William Schopf, who has published several papers on these specimens
over the course of 25 years, since 1993. He's apparently one of the
scientists who spent 10 years working on these little specks. We may wonder whether someone with such a large investment
of time in these speck specimens may be biased in his examination of
them, more prone to regard them as biological than the evidence
warrants.
Schopf's
latest conclusions are based on an analysis trying to use radioactive
dating to date microscopic specks. The problem with that is while
radioactive dating may be reliable when used to determine the age of
a skull or a big dinosaur bone, when you try to use radioactive
dating on some microscopic specks, radioactive dating isn't terribly
reliable – hence the previous quote that
“errors produced by this analytical technique are so large.”
The
latest work on these alleged microfossils should have been announced
with the appropriate caution, with a headline such as “Debate
Continues on Whether Australian Microscopic Traces Are Fossils.”
But instead our UCLA press release has done the opposite. Not only
has the UCLA press release hidden the scientific controversy, but it has
announced, most absurdly, that these microscopic traces of an
uncertain nature “indicate that life in the universe is common.”
Schopf
claims that his research “tells us life had to have begun
substantially earlier and it confirms that it was not difficult for
primitive life to form and to evolve into more advanced
microorganisms.” No, his research tells us no such thing.
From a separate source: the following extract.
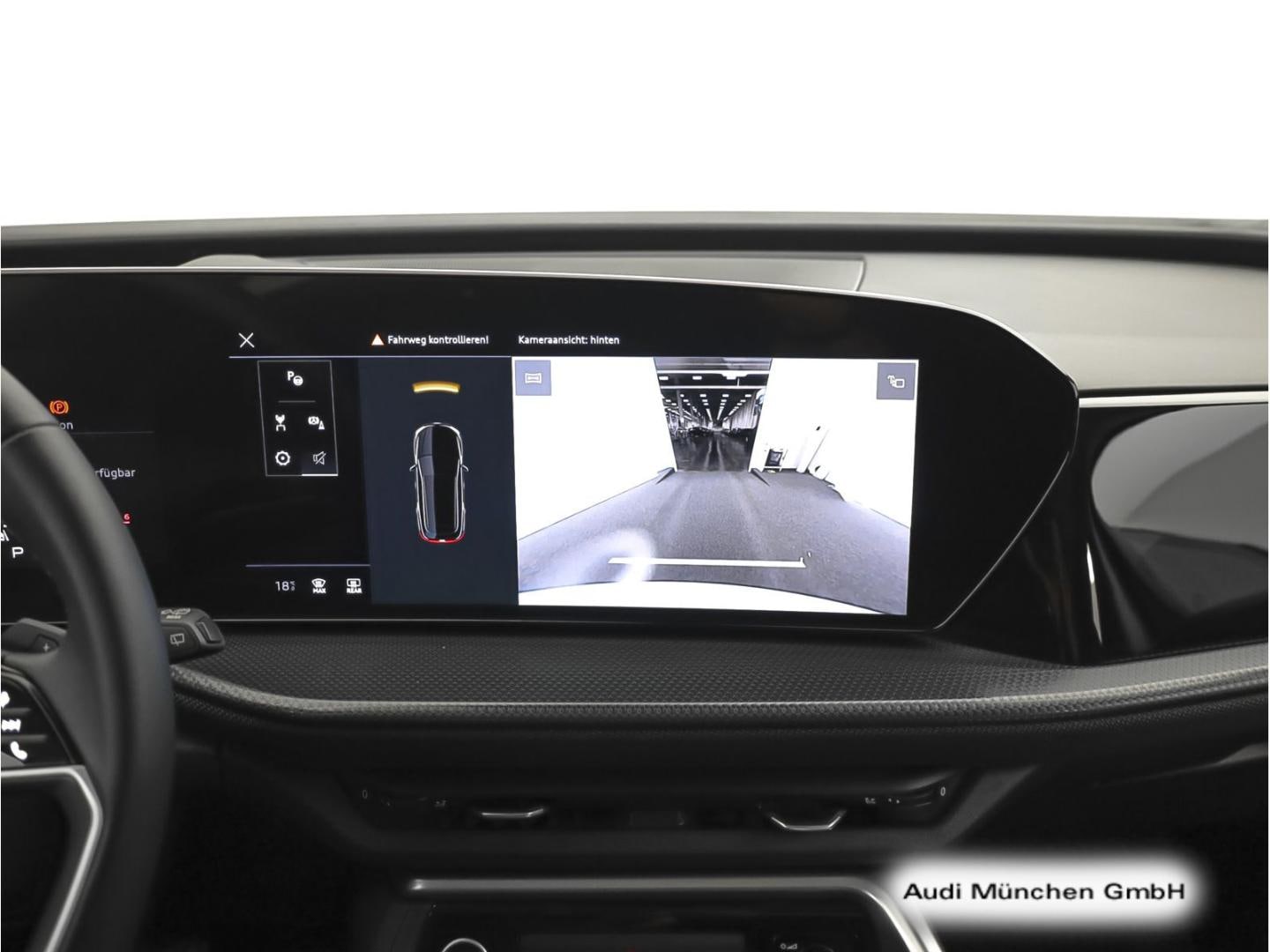 Bild über Audi Q5 Sportback TDI quattro 150 kW S tronic - für weitere Informationen kontaktieren Sie den Audi Partner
The age
of the earth is believed to be 4.6 billion years old. Finding a
microscopic fossil about 3.5 billion years old tells us nothing about
how hard or improbable it was for primitive life to form.
Even if it were true that life on Earth arose 100
million years after it first had the opportunity to arise, this would
not be a strong reason for thinking that life in the universe is
common. Consider this case. You open your new pastry shop one day,
and within an hour someone comes in trying to order a pizza. The
chance of this happening is very low. You would be mistaken if you
reasoned that the chance of such a thing happening must have been
high, or else it would not have occurred within the first hour of
your shop being open. You are not entitled to draw such conclusions
based on the timing of a single occurrence.
The
article here
states the following by MIT professor Joshua Winn (referring to this
scientific paper):
There is a commonly
heard argument that life must be common or else it would not have
arisen so quickly after the surface of the Earth cooled," Winn
said. "This argument seems persuasive on its face, but Spiegel
and Turner have shown it doesn't stand up to a rigorous statistical
examination — with a sample of only one life-bearing planet, one
cannot even get a ballpark estimate of the abundance of life in the
universe."
This
announcement may end up rather like the “Life on Mars” affair of
the 1990's, when some scientists announced with great fanfare that some meteorite that
supposedly had come from Mars had evidence that life had existed on Mars.
The evidence consisted of marginal specks like the Australian
specimens Schopf has studied. In the subsequent years this claim
ended up being mainly rejected by other scientists.